Justice Leonen also points out that the facts presented by the respondents were not
sufficient to reasonably conclude that the armed hostilities and lawless violence happening in
Marawi City is for the purpose of removing the area’s allegiance to the government and
depriving the President of their powers or prerogatives on the same area.
1. The armed hostilities in Marawi City are acts of terrorism done to prevent the actual
service of warrants on leaders of local terrorist groups. They are not acts of rebellion.
Jo Vanne Trivilegio
JD-4

2. Respondents, who bear the burden of proof, were unable to discharge the burden. Many
of the facts they presented were mere hearsay and they did not even bother to either show
their sources or present logical analysis of the intel that led to the incident.
3. The facts presented by the parties themselves are not sufficient to justify the conclusion
that Martial Law under Proclamation No. 216, General Order No. 1, and in the
Operational Directives of the Chief of Staff of the AFP should be declared over the entire
Mindanao. None of the directives specify which island or island groups belong to
Mindanao. In other words, their scope of “Mindanao” is not expressly defined.
The Court ruled that (a) the power to review is only limited to the pleadings and to the
facts available to the President prior to or during the declaration of the state of Martial Law; (b)
further, in relation to the Courts pronouncements on the discretionary nature of the power to
declare martial law, the Court ruled that the constitution did not intend congress nor any other
official to interfere a priori to the declaration of martial law. Hence, the recommendation of the
Secretary of Defense is not a requisite for the valid declaration of martial law; (c) and since the
power to review is limited only to facts prior to or subsisting during the time of the declaration of
martial law, the court may not rule on the factual basis of the declaration based on facts which
were proven or discovered subsequent to the declaration.

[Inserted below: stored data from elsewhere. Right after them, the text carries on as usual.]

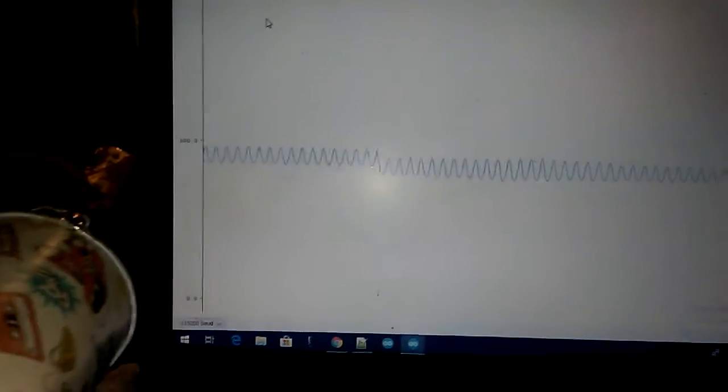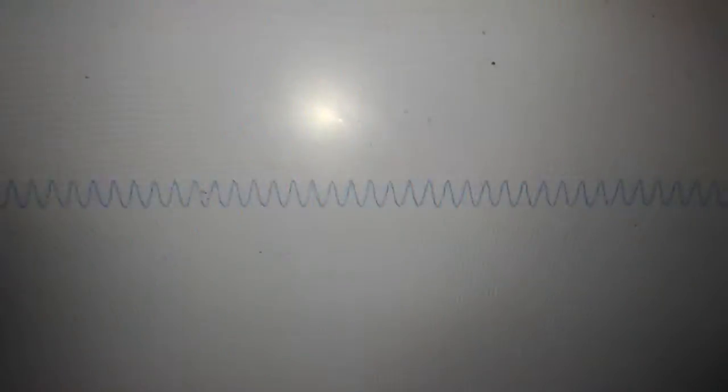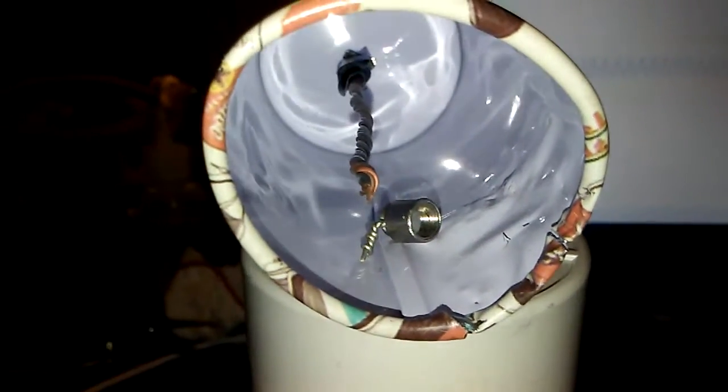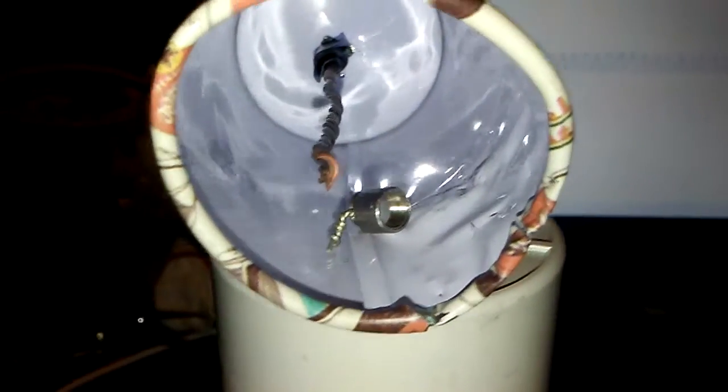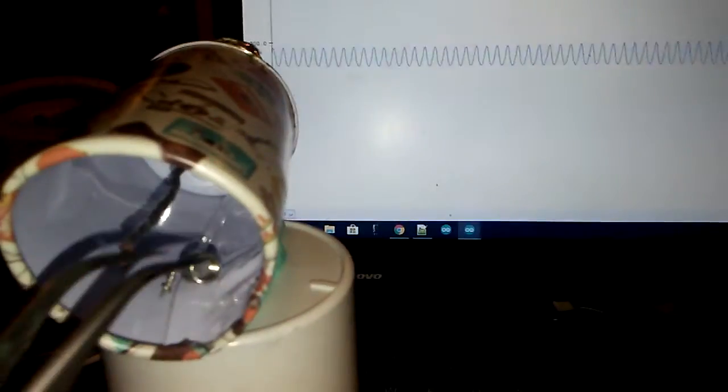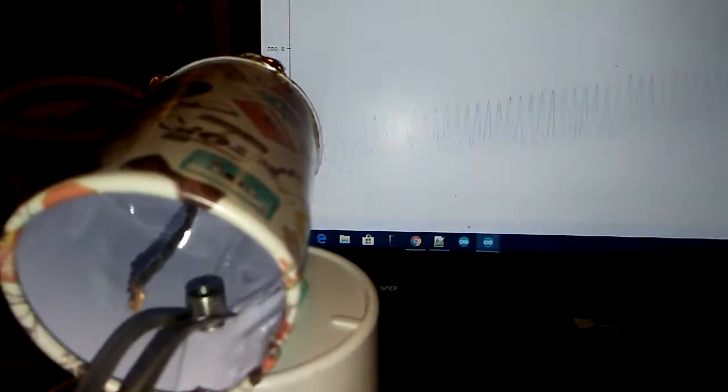You can see as soon as the radioactive material comes into the can, the graph is going to change. It is completely feelable. I can feel exactly the waves. Here is the place that I put the americium. You can see when I take it out, the graph is going to change.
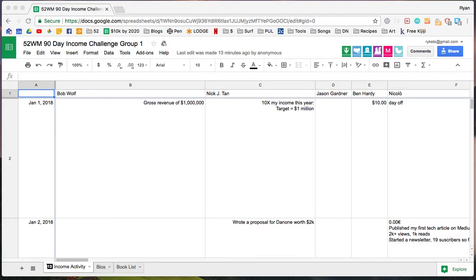Hey everybody, I thought this would be helpful as we're starting to use this spreadsheet. A lot of you have already been using it. I'm late to the game, so I'm way over to the right.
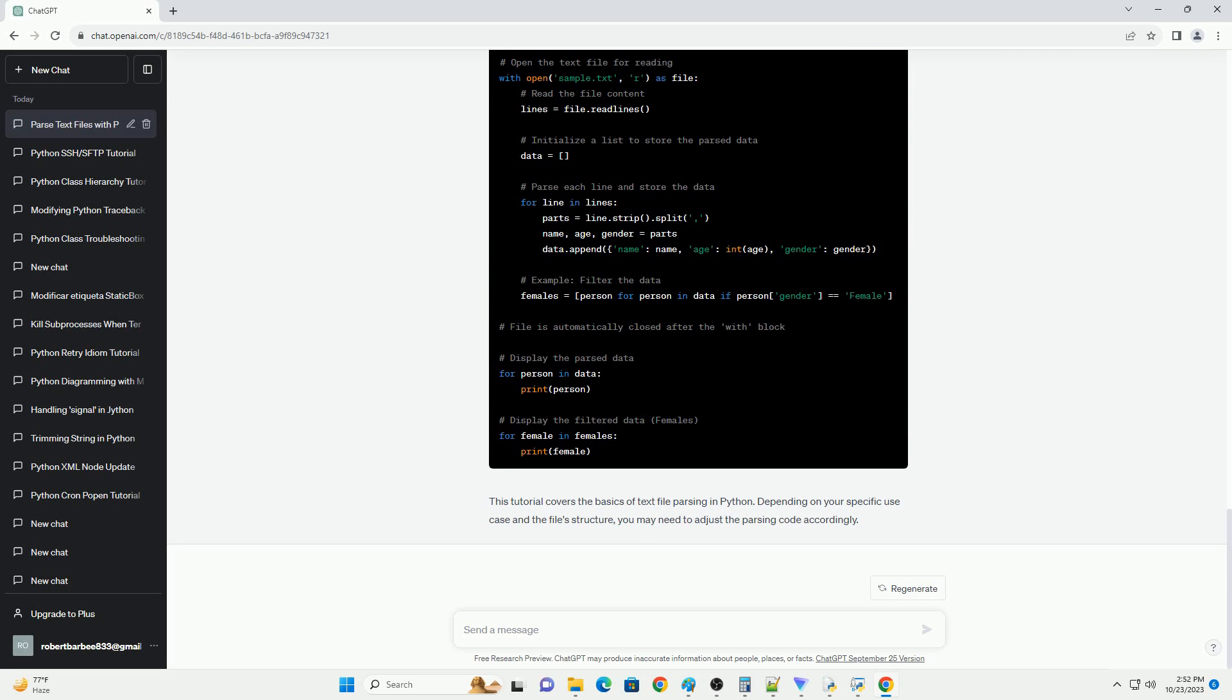You can read the content of the text file using various methods, such as read, readline, or readlines. The most common method is readlines, which reads the file line by line and returns a list of lines.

Leonen ruled on the contrary. Leonen disagreed with the view of the majority. It was
argued that the history of the 1987 constitution and the intent of the framers of the constitution
was to require the President to exercise emergency powers in a graduated sequence. The nature
of the calling out power, the suspension of the writ of habeas corpus and the declaration of the
state of martial law are designed to deal with and respond to different kinds of emergencies. The
constitution itself provided for situation where these different powers should be applied.
He emphasized that under the present constitution, the president is required to clear as to
what variant of martial law is imposed and is encompassed by Proclamation No. 216; otherwise
it will be too vague that it will violate the fundamental right of due process as well as evading
review under Art. VII Sec. 18 of the constitution.

He emphasized that although the President is the Commander in Chief of the Armed
Forces, he is in fact a civilian commander in chief (Saguisag vs Ochoa Jr. and Gudani vs Senga);
and that the exercise of military powers under martial law is not an inherent power but an
exception to the ordinary rule of law. Hence, the exercise of the calling out power, suspension of
the writ of habeas corpus and the declaration of martial law must be exercised and availed of in a
graduated sequence.

Justice Leonen disagreed with the government’s position to elevate the acts of a lawless
criminal group that uses terrorism as a tactic into the constitutional concept of rebellion because
it acknowledges the lawless criminal group as a political group. Rebellion is a political crime and
the court has acknowledged that if rebels are able to capture government, then rebellion, no
matter how brutal, will then be justified.
Acknowledging the Maute group as rebels elevates their “inhuman barbarism” into an “armed
conflict of non-international character” protected by International Humanitarian Law.

According to Justice Leonen, hostilities and lawless violence and their consequences
can be addressed by many of the prerogatives of the President. There is no showing that
Martial Law has become necessary for the safety of the entirety of Mindanao.